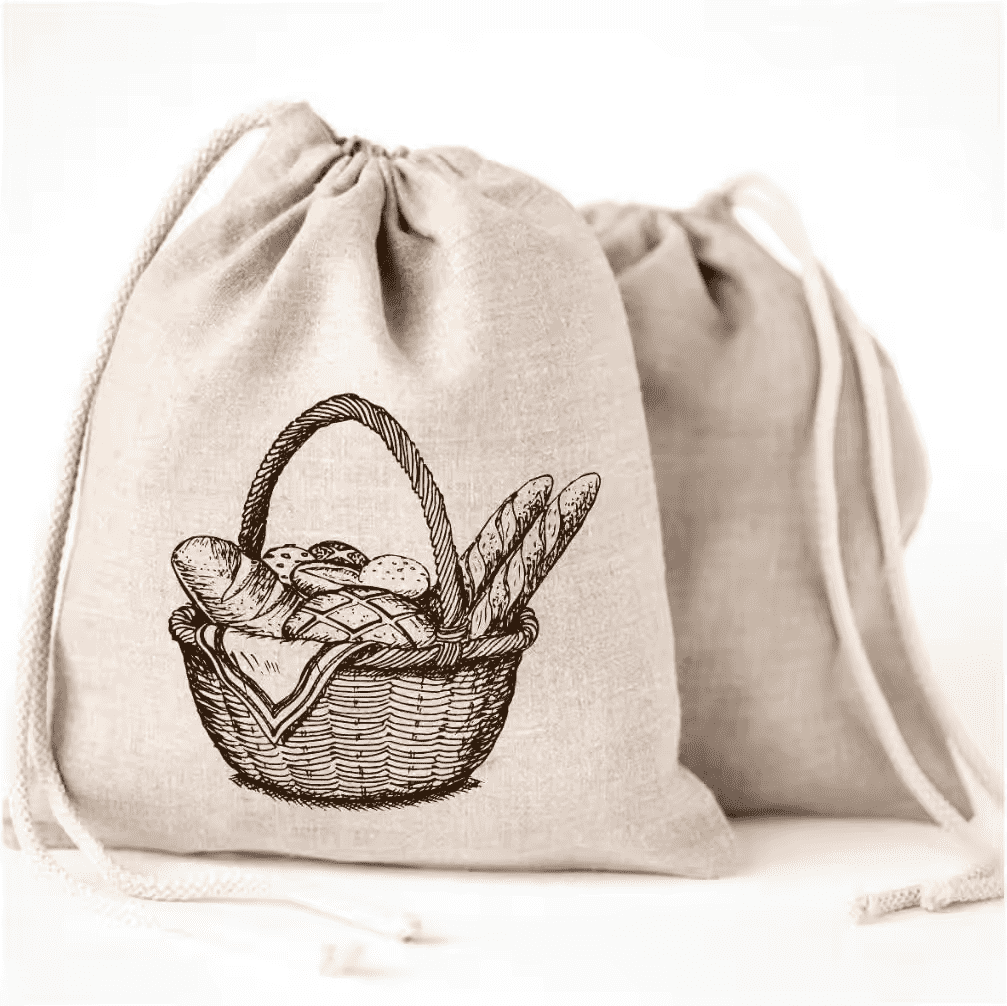 Bread Cotton Drawstring Bag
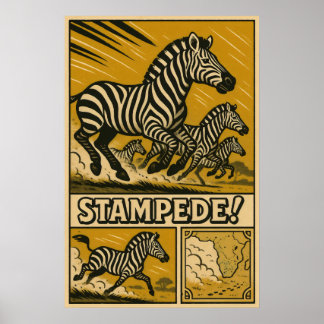 Zebra Stampede Retro Safari Art ポスター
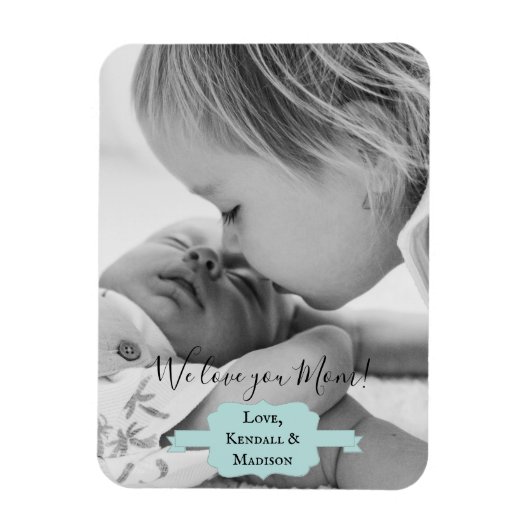 ティール(緑がかった色)ミニマル写真母の日マグネット マグネット (縦)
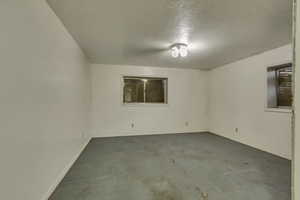 Unfurnished room with carpet flooring and a textured ceiling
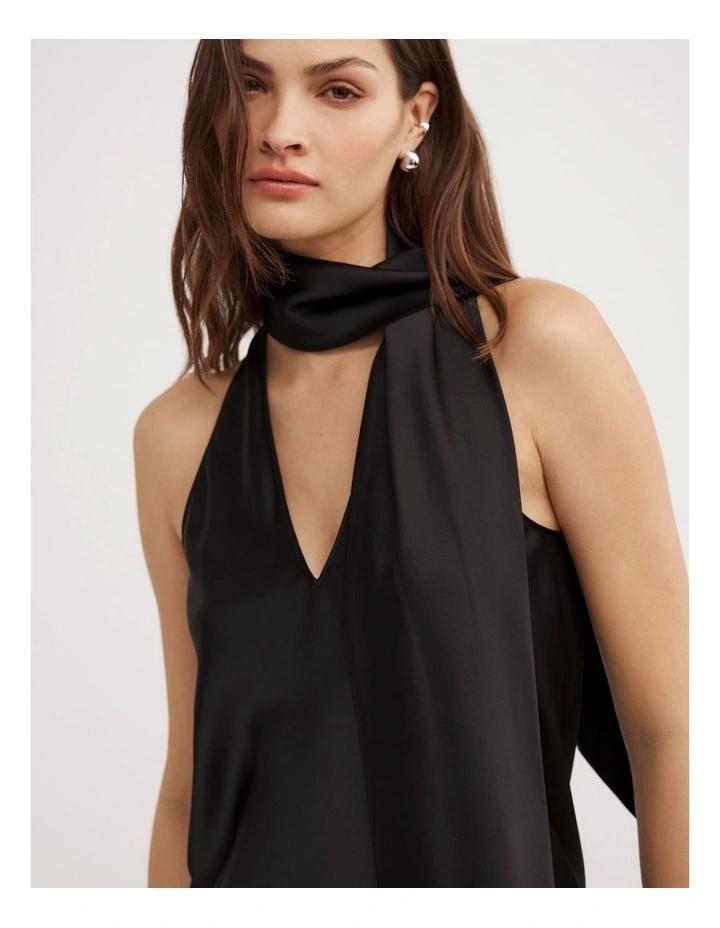 V-Neck Scarf Top in Black image 4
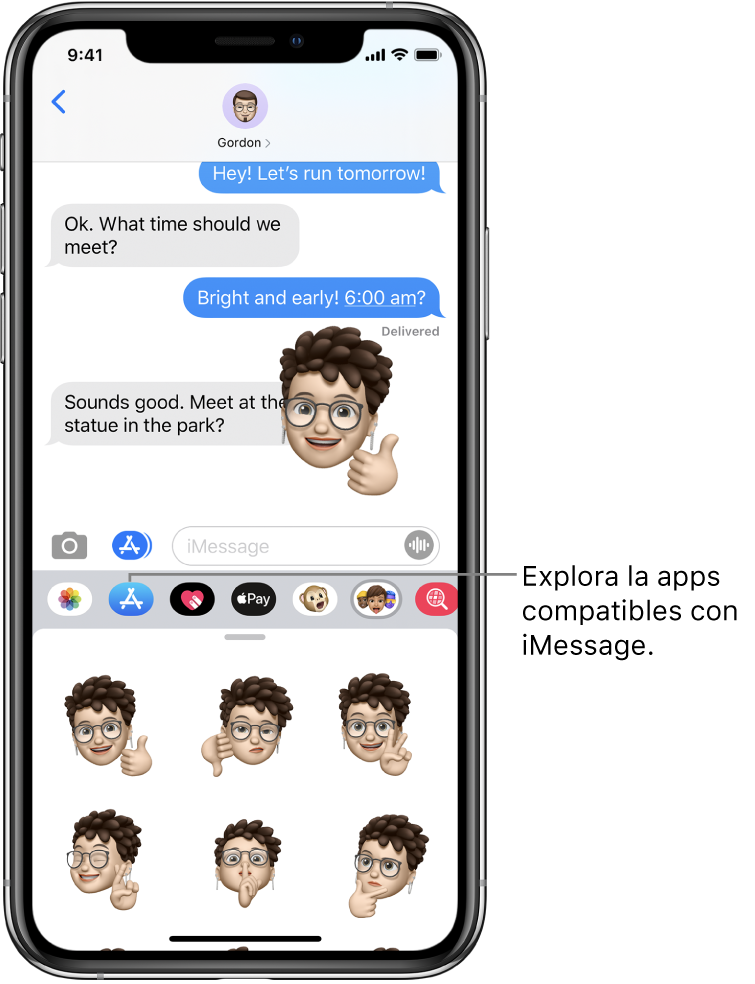 Una conversación de Mensajes con el botón "Explorador de apps" de iMessage seleccionado. El cajón de apps abierto mostrando stickers de caras.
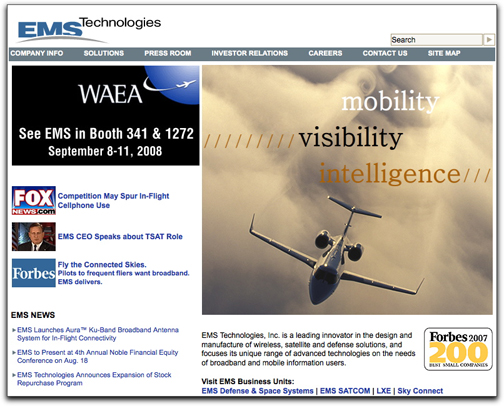 EMS Technologies homepage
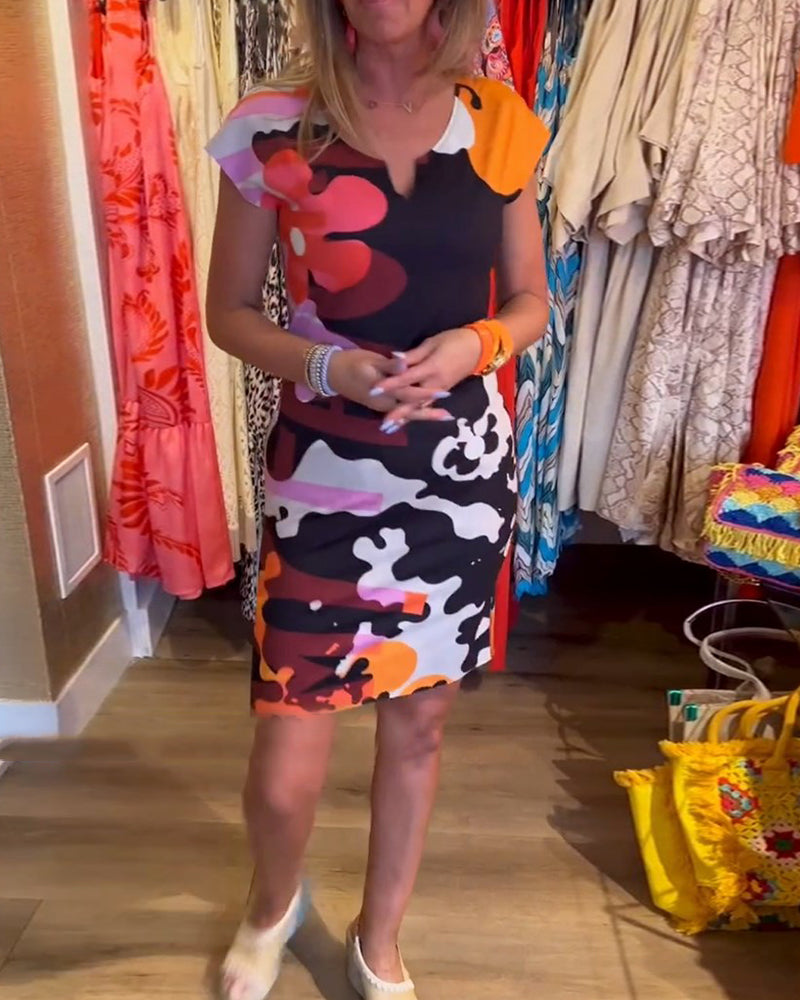 Colorful short-sleeved mid-length dress 202466 casual dresses spring summer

• • • •

The copy you produce must hold all the records above exactly and none of their pictures.

 Bread Cotton Drawstring Bag
 Zebra Stampede Retro Safari Art ポスター
 ティール(緑がかった色)ミニマル写真母の日マグネット マグネット (縦)
 Unfurnished room with carpet flooring and a textured ceiling
 V-Neck Scarf Top in Black image 4
 Una conversación de Mensajes con el botón "Explorador de apps" de iMessage seleccionado. El cajón de apps abierto mostrando stickers de caras.
 EMS Technologies homepage
 Colorful short-sleeved mid-length dress 202466 casual dresses spring summer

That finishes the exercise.